The Lebanese filmmaker sat down with A RABBIT’S FOOT to discuss coming-of-age in Lebanon, how different traumas breed different perspectives, and The Sun Sets on Beirut, which remains as urgent a film as you could hope to come across this year.
You can trace a person’s history through the movies they make. Their memories, their obsessions, their regrets, their traumas—they pulse through the frames like red blood cells travelling around the body. For a filmmaker like Daniela Stephan, who has to date only released a couple of shorts (though she’s gearing up to shoot her first feature), the thematics at the heart of her cinema remain both complex and clear as day. “I don’t remember having a childhood.” She tells me, between casual bites of Mankouche (a type of Lebanese flat bread prepared that morning by our mutual friend, A RABBIT’S FOOT’s own Adriana Aoun). “I grew up very quickly.” A child of divorce growing up in Beirut, it only makes sense, then, that Stephan’s output as a director thus far has focused on reconstructing the youth that was lost to her. After all, for someone who doesn’t remember their childhood, why not craft one yourself?

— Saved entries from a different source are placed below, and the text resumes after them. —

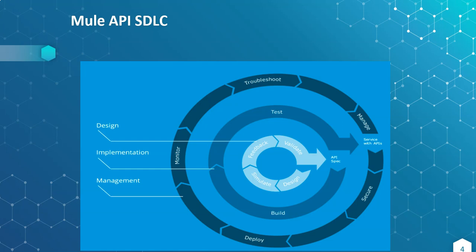Mulesoft has provided a web application called Anypoint platform to do all these operations. Mulesoft has also provided an IDE called Anypoint Studio which we can install on our local system and do development. This development and testing we can do while developing in our local system using the IDE.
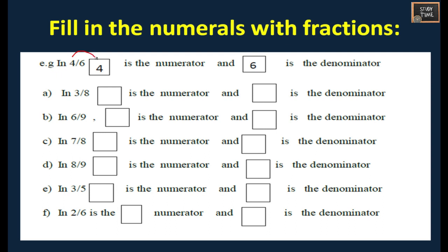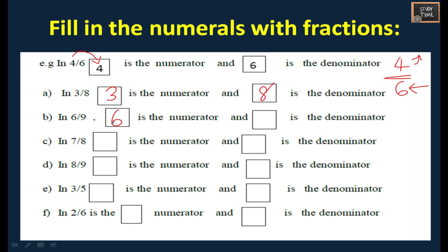Next: fill in the numerals with fractions. The number above the line is the numerator and the number below the line is the denominator. For 4 by 8, 3 is the numerator and 8 is the denominator. For 6 divided by 9, 6 is the numerator and 9 is the denominator. For 7 divided by 8, 7 is the numerator and 8 is the denominator. For 8 divided by 9, 8 is the numerator and 9 is the denominator. For 3 divided by 5, 3 is the numerator and 5 is the denominator.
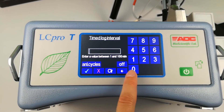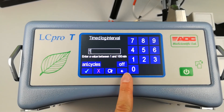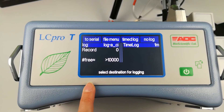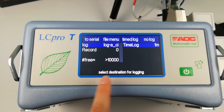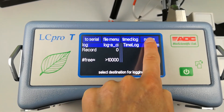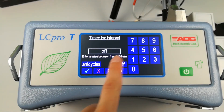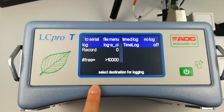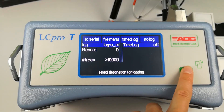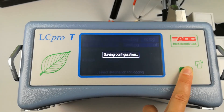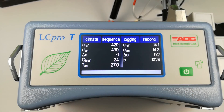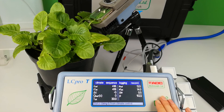Alternatively, press the green power button twice to return to main menu 1. Automatic logging will now take place. Or, if you touch no log, automatic logging will be removed but a data log file is still live. This is the file name that you created.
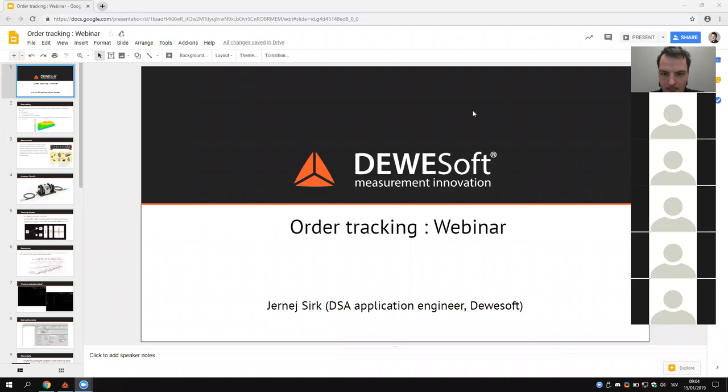Welcome to today's webinar about order tracking. My name is Ernest Jarek, I am a DSA application engineer at Dewesoft. The plan for today is to present why we need order tracking, how to set it up, and how to use it. The presentation with live demo will take around 30 minutes, followed by 10 minutes for questions. Microphones are muted, so please save your questions for the end.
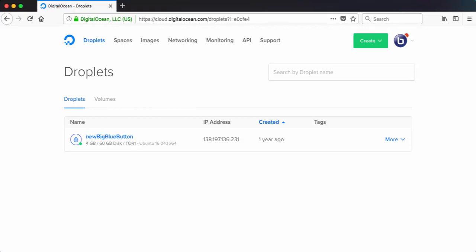Hi, this is Fred. We're going to show you how you can set up your own BigBlueButton server using the BBB install script. To do this, we're going to create a server here on DigitalOcean.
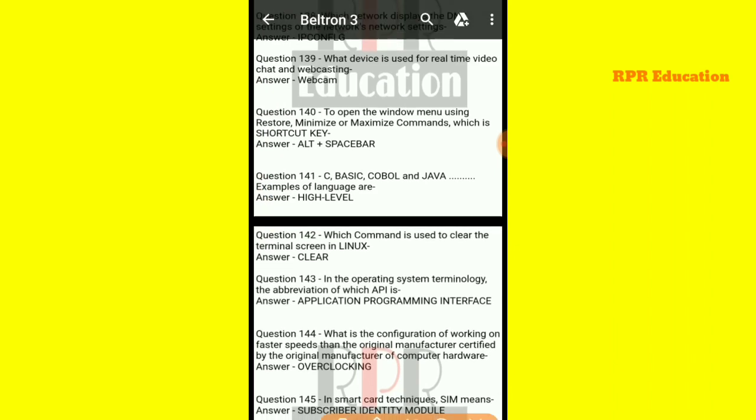Next: to open the window menu using restore, minimize, or maximize commands, which is the shortcut key? To restore, maximize, or minimize a window using the window menu, the shortcut key is Alt plus Space Bar.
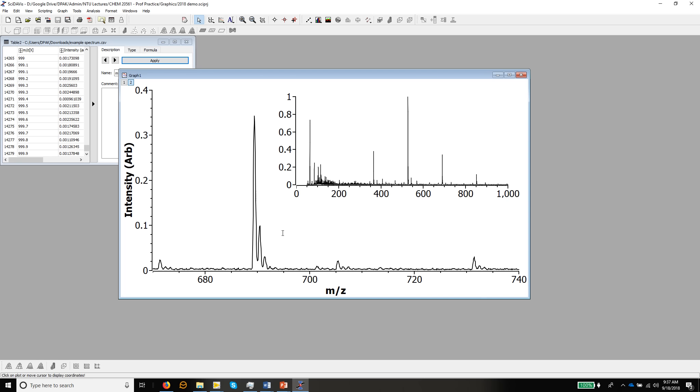So that's all we need to do in SciDavis just now. The next thing we'll do is open everything up in Inkscape, but I'll do that in a separate video. But you should probably recreate this figure as best you can in SciDavis just now before moving on to the Inkscape video.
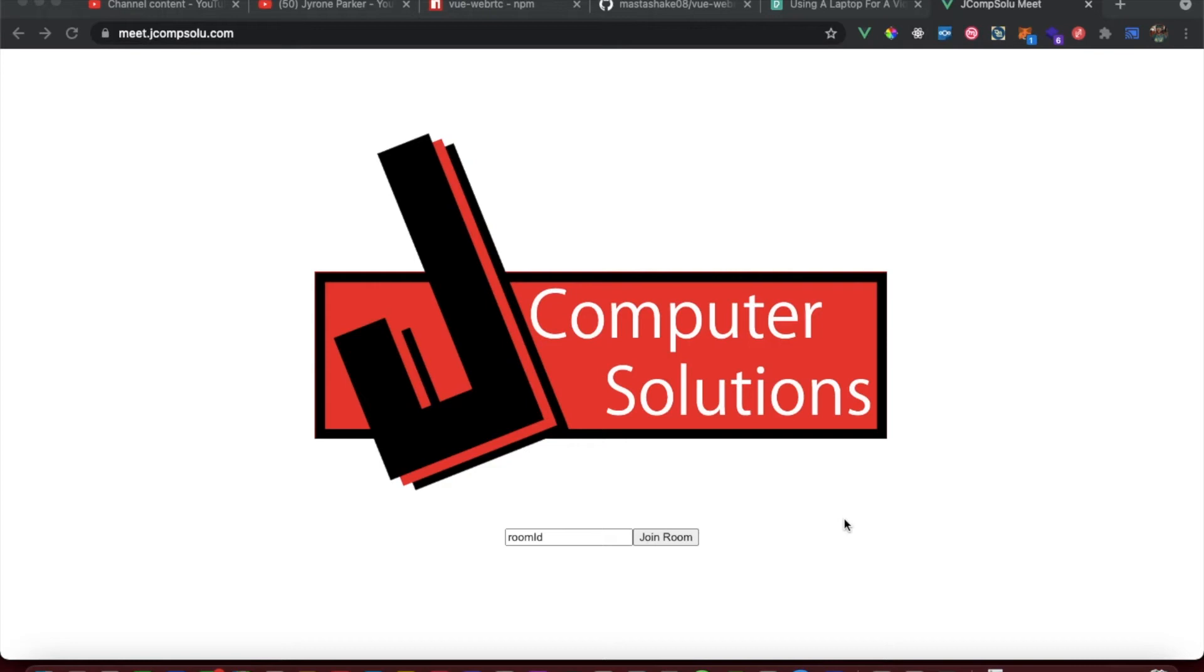Jerome Parker here. Before we get started, I'd like to remind everyone to hit that subscribe button and notification bell so you are notified when I post a new video.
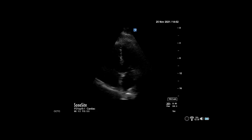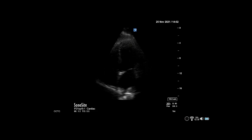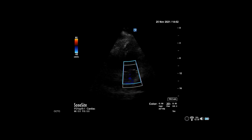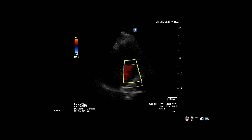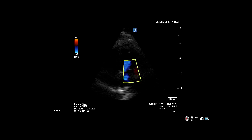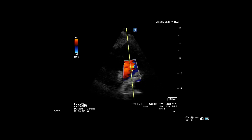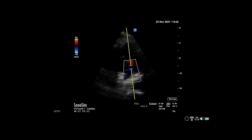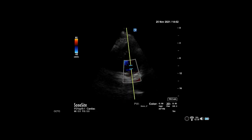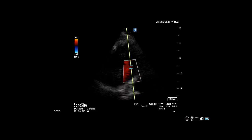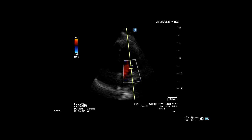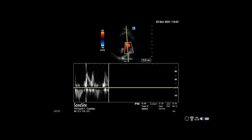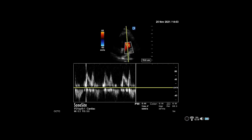Last, to measure the E velocity, place the color box over the mitral valve and inflow. Use pulse wave and place the pulse gate just above the tips of the mitral valve. Pulsing here gives the image at the bottom of the screen. Measure the first positive deflection, which is the E.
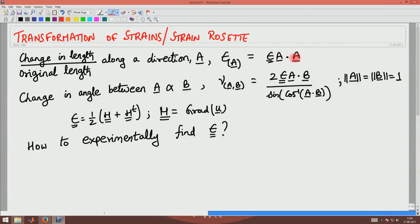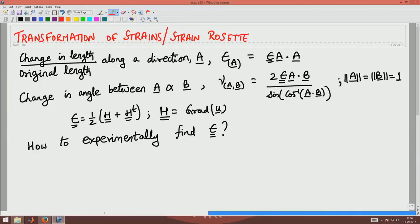Welcome to the 13th lecture in Mechanics of Materials. In the last lecture we saw how to compute the change in length by original length for a line element oriented along a direction A. The expression is given by the linearized strain tensor — one half of the gradient of U plus gradient of U transpose — multiplied by the direction A and dotted with A. Similarly, the change in angle between two line elements A and B is given by two times epsilon A dotted with B, divided by sine of the angle between A and B.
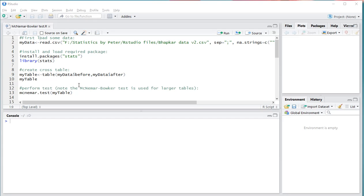Welcome! In this video I'm going to show you how you can perform a McNemer-Bauker test in R or specifically RStudio.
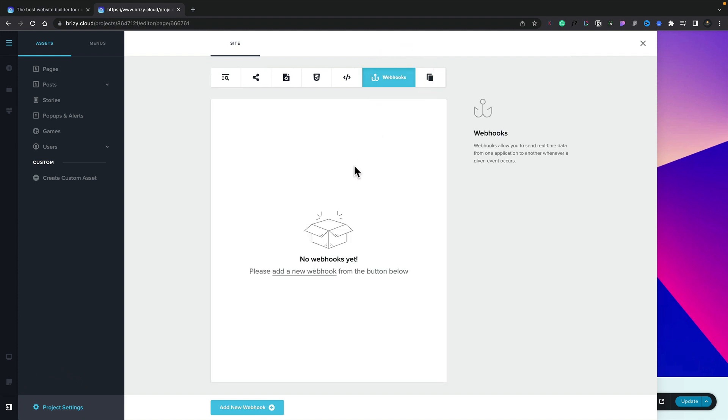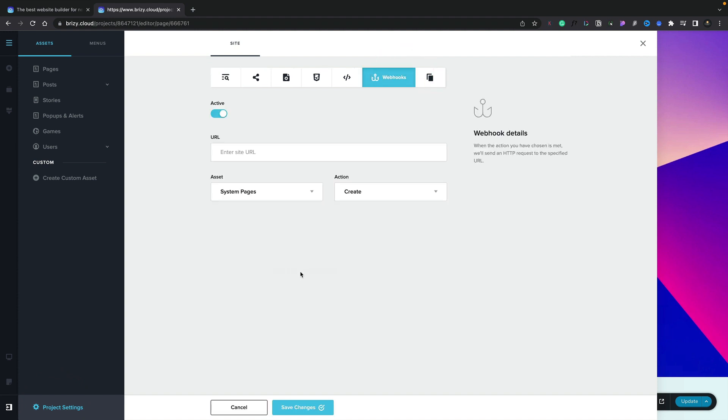You can see we can open this up and go ahead and start to create our own custom webhooks. Let's add a new one in. You can see now we can make this active or inactive. We can drop in the URL that we want, and we can choose what assets we want to actually work with. You can see our system pages,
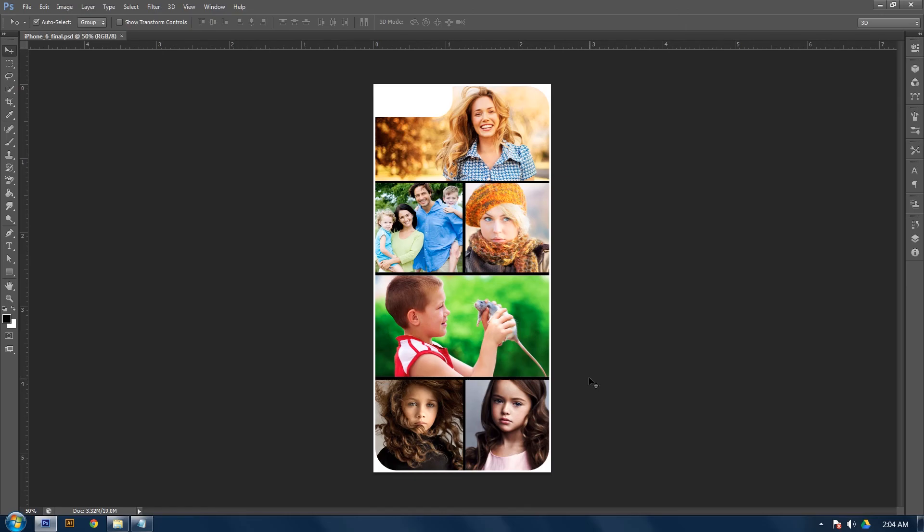Alright guys, today I'm going to show you how to make this photo style phone template. So let's get started.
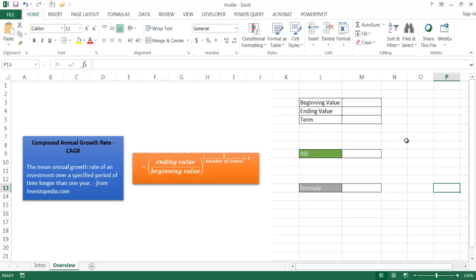In previous versions of Microsoft prior to Excel 2013, you can actually do this with this particular calculation. You have the ending value over the beginning value to the power of one to the number of years minus one. And you have to perform those calculations. Now, with Excel 2013, there basically is one function that does all that. So let's see how that works.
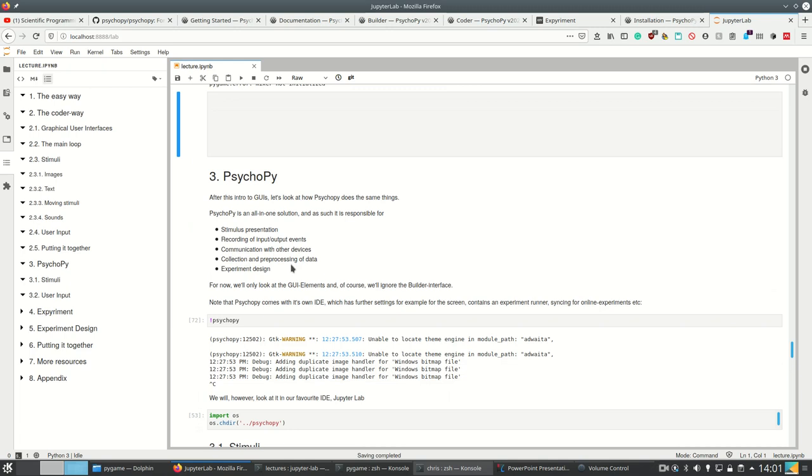PsychoPy is an all-in-one solution and is responsible not only for stimulus representation, but also for recording, communication with devices, collecting and preprocessing data, experiment design and so on.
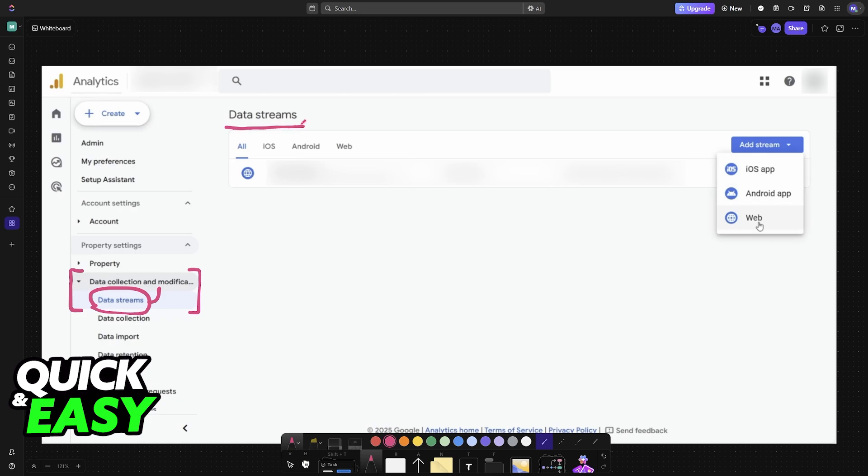Now within data streams choose the option to add a new one. You can select iOS app, Android app, and then web, which is what we're looking for for a Canva website.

Her first short, Mummy Blue (2020), hits like an act of self-therapy, imagining an intimate conversation about generational trauma between a mother and a teenage daughter, with the latter all the while navigating the first confusing pangs of young love and sexuality. Her second, The Sun Sets on Beirut (2021), is an even more ambitious coming-of-age story, with Stephan upping the ante by turning her lens towards the 2020 Beirut port explosion that levelled the city, caused hundreds of casualties, thousands of injuries, and left hundreds of thousands homeless. The film follows friends Mounia (Marilyne Naaman) and Ghady (Pio Chahine) as they journey through Beirut in search for the former’s cat, who went missing during the explosion. Travelling deeper into the ruins of the city, the two navigate their differing perspectives and emotions on the tragedy.
Despite being shot a few years ago now, it’s a film that keeps finding new life—this time in the wake of Israel’s most recent assault on Lebanon over the past several months, a development that feels intrinsic to Stephan’s perspective on the cyclical nature of Lebanese tragedy and trauma. “The Sun Sets on Beirut is set in the backdrop of the post-fourth of August explosion” She explains. “But it’s about more than just a singular tragedy, it’s about history repeating itself over and over again.”
Stephan sat down with A RABBIT’S FOOT to discuss coming-of-age in Lebanon, how different traumas breed different perspectives, and The Sun Sets on Beirut, which remains as urgent a film as you could hope to come across this year.
LG: Were you a cinephile growing up?
DS: I wasn’t necessarily a cinephile as a kid. My dream at the time was to become a war photographer. But I used to watch films in hiding. I used to secretly watch French films, which often would be full of sex and drugs. I watched Christiane F when I was 13. [laughs]. I would steal the DVD’s and watch them on sick days, which was all the time, because I hated school and would fake being sick often.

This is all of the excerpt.